Changes in the world economy and the price of oil mean that many countries across the Arab world will need to undergo significant changes in order to survive, and those that are doing so should be praised, Christine Lagarde, the managing director of the International Monetary Fund (IMF) told American network CNBC.
“These countries have gone through a massive transition. Those that were exporting oil have clearly seen a big drop in their growth rates. But those economies have to transition from an oil-fed economy to a more diversified, more inclusive, reformed economy,” Lagarde said at the World Government Summit in Dubai.
Some countries are ahead of the game, she described, while others are working on reforms. “But certainly, we will be seeing different countries in a few years’ time, given where the price of oil is likely to head.”
The IMF chief named some of the countries she felt deserved recognition for their reform efforts.
“If I look at what’s happening in Morocco for instance, this is very encouraging,” she said. “If we look at Egypt, which has gone through a really tough time, and where the Egyptian people have shown courage, and the Egyptian leader, courage — we have seen growth up more than 5 percent.”
Egypt’s economy has been in crisis since the years following the Arab Spring, as domestic turmoil, terrorist attacks and an exploding population have hit valuable sectors like tourism and hurt the public sector’s ability to provide jobs and traditional benefits. In 2016, the IMF agreed to a three-year, $12 billion bailout program to support the country of 90 million.
“Big stabilization in Egypt is going to give rise to benefits for the people,” Lagarde stressed. “And in all circumstances, whether it’s in Egypt, Jordan, Tunisia and all places we think of as difficult situations, we are very attentive that there be a social basis so that people who are at risk, people who are underprivileged, people who are exposed, have sufficient benefits to actually cope with the situation.”

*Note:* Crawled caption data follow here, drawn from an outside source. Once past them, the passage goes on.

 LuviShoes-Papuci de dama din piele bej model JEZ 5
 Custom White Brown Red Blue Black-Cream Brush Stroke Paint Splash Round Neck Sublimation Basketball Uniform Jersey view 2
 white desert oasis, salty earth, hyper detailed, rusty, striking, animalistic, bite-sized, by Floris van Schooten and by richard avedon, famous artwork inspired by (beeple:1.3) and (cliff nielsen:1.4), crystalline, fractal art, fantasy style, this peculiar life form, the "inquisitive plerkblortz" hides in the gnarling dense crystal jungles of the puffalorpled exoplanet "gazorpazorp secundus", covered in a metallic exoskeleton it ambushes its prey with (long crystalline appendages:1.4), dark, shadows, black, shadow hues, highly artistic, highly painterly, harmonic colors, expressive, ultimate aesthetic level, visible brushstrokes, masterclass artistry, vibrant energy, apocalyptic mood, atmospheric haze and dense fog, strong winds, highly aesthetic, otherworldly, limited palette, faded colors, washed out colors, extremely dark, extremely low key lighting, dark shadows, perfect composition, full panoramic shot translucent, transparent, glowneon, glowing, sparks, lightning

Inflation in Egypt peaked at 35 percent in July 2017, a figure that’s dropped to 17 percent and is expected to reach 12 percent this year, according to the IMF. Egypt’s gross domestic product growth is also improving, projected to be 4.8 percent by July of this year, up from 3.5 percent in 2016.
Still, the changes have hit many ordinary people hard — Egyptians saw record price increases in 2017 after the government allowed the national currency to float, which was also part of the IMF program.

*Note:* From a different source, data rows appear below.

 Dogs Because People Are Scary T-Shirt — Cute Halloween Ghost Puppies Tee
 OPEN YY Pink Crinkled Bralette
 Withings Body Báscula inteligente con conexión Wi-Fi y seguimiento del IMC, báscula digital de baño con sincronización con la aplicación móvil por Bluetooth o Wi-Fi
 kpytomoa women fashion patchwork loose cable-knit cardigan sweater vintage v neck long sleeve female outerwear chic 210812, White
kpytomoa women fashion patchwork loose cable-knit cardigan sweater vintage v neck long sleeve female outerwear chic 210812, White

Asked if these reforms were actually helping the population quickly enough, Lagarde acknowledged that an improvement in living standards doesn’t happen overnight, but that this was a necessary process.

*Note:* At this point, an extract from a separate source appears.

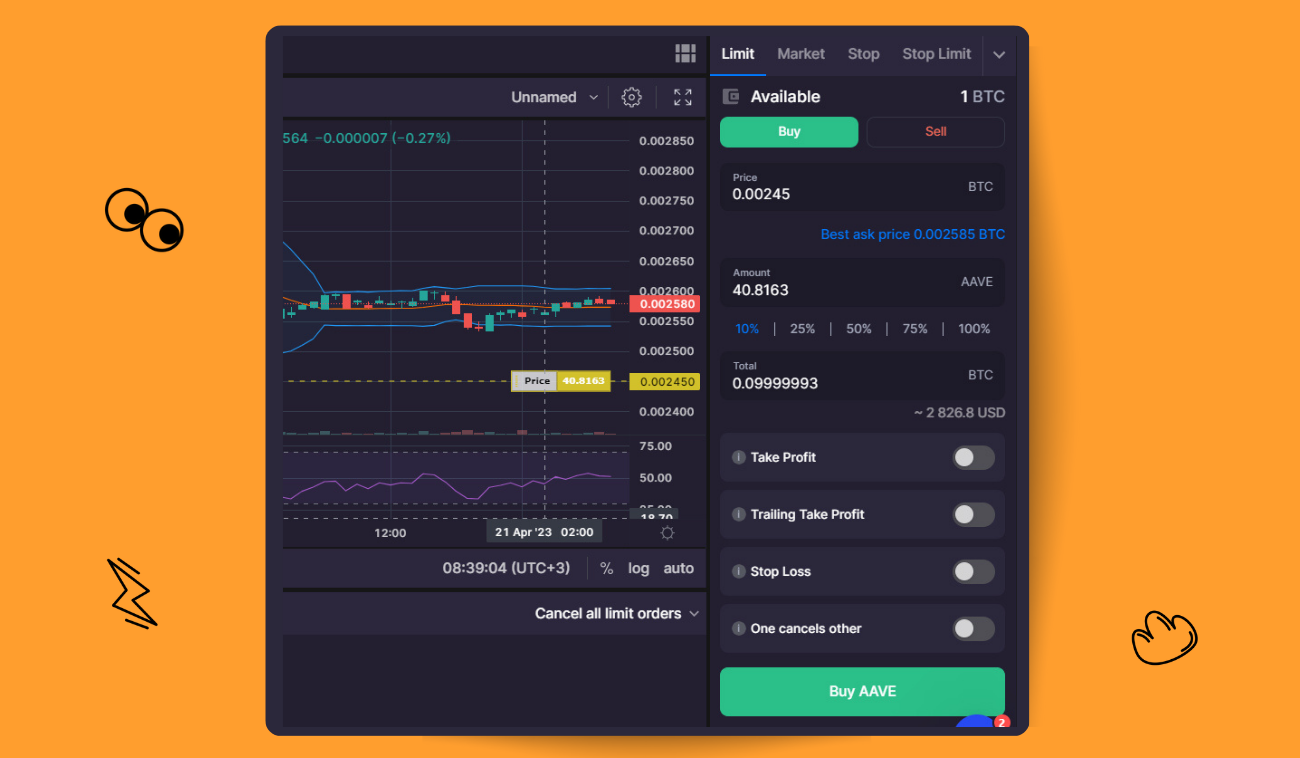 Pic. 1. Placing a limit order on the Bitsgap platform.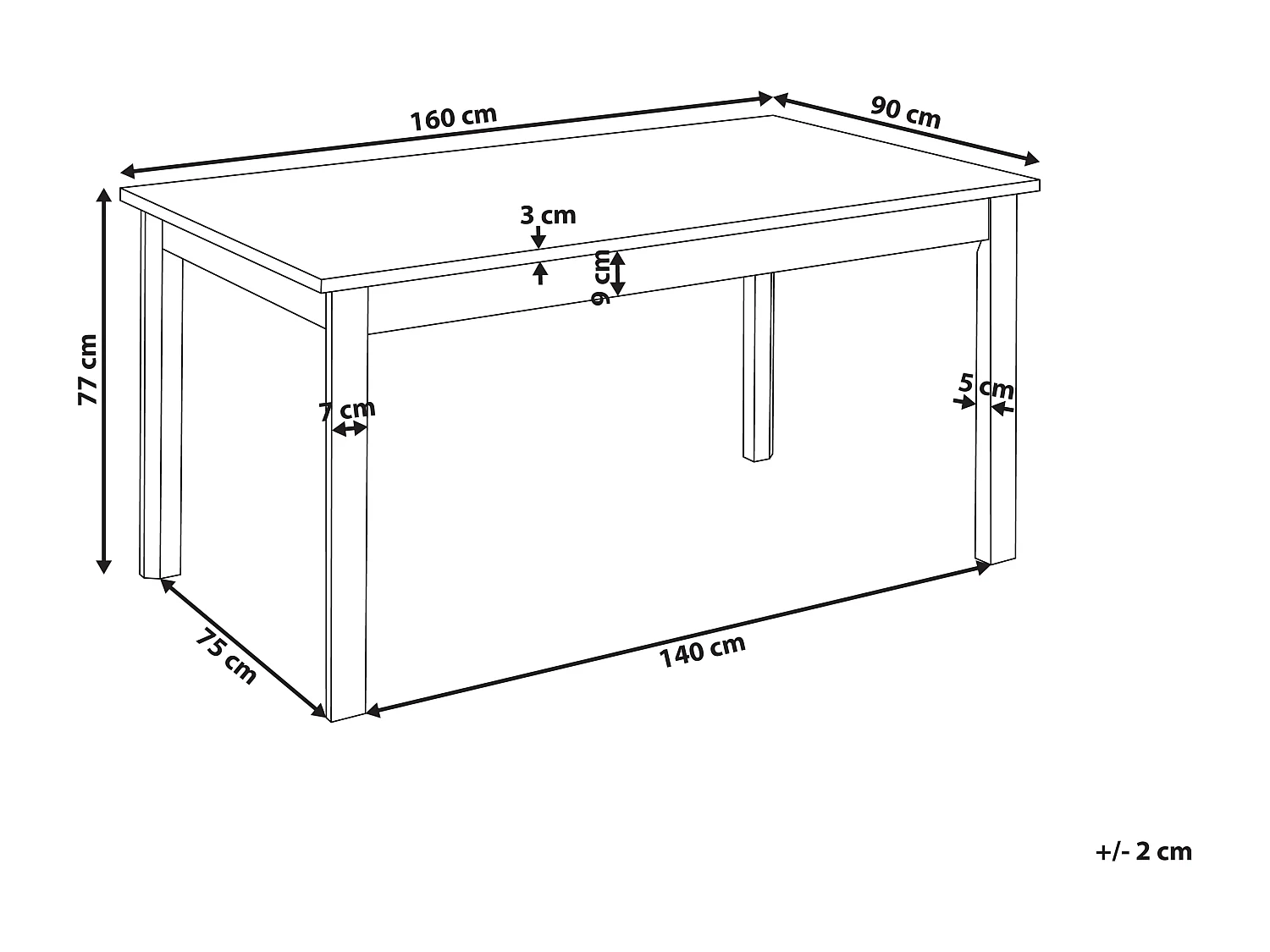 Table de repas GISELA Chêne clair 160 cm 90 cm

“When you see inflation going down, when you see money coming back into the country, investors looking at Egypt as a good risk in which to set up new companies and create jobs, that’s the response,” she said.
“Of course, it’s not easy when you go through that process of reforms,” she added. “But when you see the light at the end of the tunnel, where prices are going to go down, where the social basis is there and where investments are coming to create jobs, I think that’s really encouraging.”